Magdalena Im Ager meldete sich zu Wort: »Ich hätte gerne eine vollständige Liste der Gegenstände, die man in Pascal Schaads Wohnung gefunden hat.«
»Die dürfte lang werden und ist bisher nicht erstellt«, sagte Forrer. »Aber ich schicke heute Nachmittag noch mal jemanden vorbei, der alles aufnimmt.«
Nicole fragte: »Du denkst an etwas Bestimmtes?«
»Es muss etwas auf sich haben mit all den magischen Symbolen, die verwendet worden sind. Und die verzweifelte Aktion – ich nenne sie jetzt mal so – des Pascal Schaad hat für mich eher mit einem Totenritual zu tun als mit einem terroristischen Angriff auf das Münster.«
»Ein Totenritual mit Dynamit?«, staunte Melinda und zwirbelte ihre langen dunklen Haare.
Magdalena antwortete: »Du hast natürlich recht, so steht es nicht in den Büchern. Wahrscheinlich wollte er die Menschen ablenken, damit er – fragt mich nicht wie – Zugang zur Leiche bekommen würde und eine magische Handlung an ihr durchführen könnte.«
Gwendolin spekulierte: »Vielleicht wollte er sie von den Toten auferwecken? Er glaubte, sie wäre eine Untote, ein Zombie sozusagen.«
»Keine schlechte Idee«, sagte Heinrich. »Kannst du dich zu diesem Thema schlaumachen?

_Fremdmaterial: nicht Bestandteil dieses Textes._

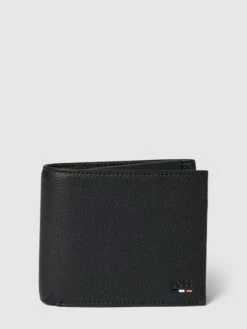 BOSS Portemonnaie Mit Label-Detail Modell 'Ray' - Schwarz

»Noch etwas«, sagte die Im Ager. »Ich war gestern bei einer Hexe.«
Phoebe spitzte die Ohren, Melinda schloss die Augen.
»Sie war nicht besonders auskunftsfreudig, aber sie hat mir einen Namen genannt. Ich gehe der Sache nach. Es kann aber sein, dass sie mich angelogen hat.«
»Dann machen wir einen zweiten Besuch und quetschen sie richtig aus«, sagte Forrer, dessen Lebensgeister langsam erwachten.
»Ich glaube nicht, dass sie mich noch einmal in ihre Wohnung hineinlässt. Sie wird nicht die besten Erinnerungen an meinen Besuch zurückbehalten haben.«
»Und Schneewittchen?«, bellte Gwendolin. »Was ist mit Schneewittchen?«
»Beschäftigt euch ein wenig mit Zahlenmagie, Kabbalistik und all diesen Sachen«, sagte Heinrich Müller zur Beruhigung.
»Und wir sollten uns langsam auf den Weg machen, Dr. Augsburger wartet nicht gern«, schloss Markus Forrer.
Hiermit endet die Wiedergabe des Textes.